Tuesday, November 7, 2017

In short: Red Road (2006)

Warning: there will be structural spoilers!

Jackie (Kate Dickie) is working as a CCTV operator in Glasgow. Apparently, she lives a lonely life, a fortnightly appointment (one really doesn’t want to call it a date) with a married man for some of the most loveless sex I can imagine looking like the only regular social encounter in her life.

Things change when she sees a man we will later learn is named Clyde (Tony Curran) on one of her monitors. Clyde must have been involved in some sort of crime against her – a rape would be the most obvious assumption – so Jackie at first seems panicked and desperate. However, she quickly begins to do more than panic, watching Clyde, following him in person, and getting close enough for him to touch, or for her to touch him.

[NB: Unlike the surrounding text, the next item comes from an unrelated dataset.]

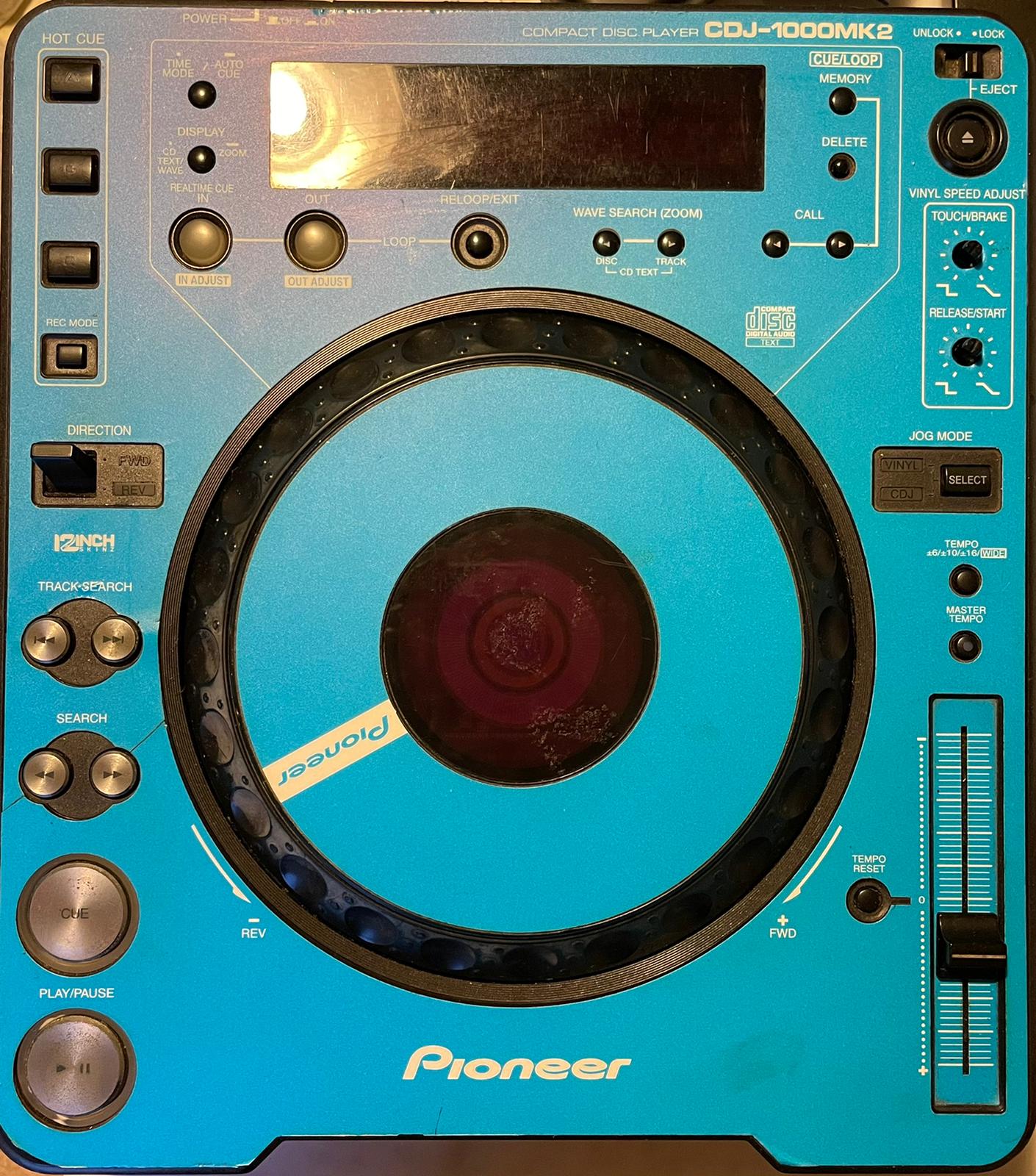 pioneer cdj 1000 mk2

Andrea Arnold’s Red Road is apparently part of some kind of filmic round-robin in which Arnold and two other directors used the same group of characters, but I don’t think one needs to know that or have seen the other films to be able to appreciate the film as what it is: a study of alienation and fear; a film about recovering from loss and guilt; and a brilliant revenge flick that doesn’t play by the rules of its genre most of the time.

Despite a colour scheme dominated by grey that suggests some sort of nearly documentary approach to filmmaking, Arnold is incredibly good at a lot of techniques very much unlike a documentary. There’s expressive editing that mirrors the mental state of Jackie, a camera that seems calm and distanced until it isn’t anymore, and little moments when the greyness and the drabness (that is as much outside of Jackie as it is inside of her) subtly clear a little. Further adding weight to the film is the strength and complexity of Dickie’s and Curran’s performances in the roles of two very difficult and very complex persons who are emotionally close in a way that is so ironic it is nearly perverse.

The film’s structure is admirable – as well as highly disciplined - including a revelation about the actual nature of the relation between Jackie and Clyde I wish scriptwriters trying to use plot twists would take a look at and learn from. Not, mind you, that it feels like a plot twist (which is more often than not a cheap surprise effect) – it is a revelation of truth that is also built to shake an audience’s assumptions.


As it goes with films quite this good, I don’t really think talking Red Road up – at least my way of doing it – does the film the justice it deserves. It’s a film to be watched with an open mind, with patience and with the greatest attention; to me, it felt very much like a revelation.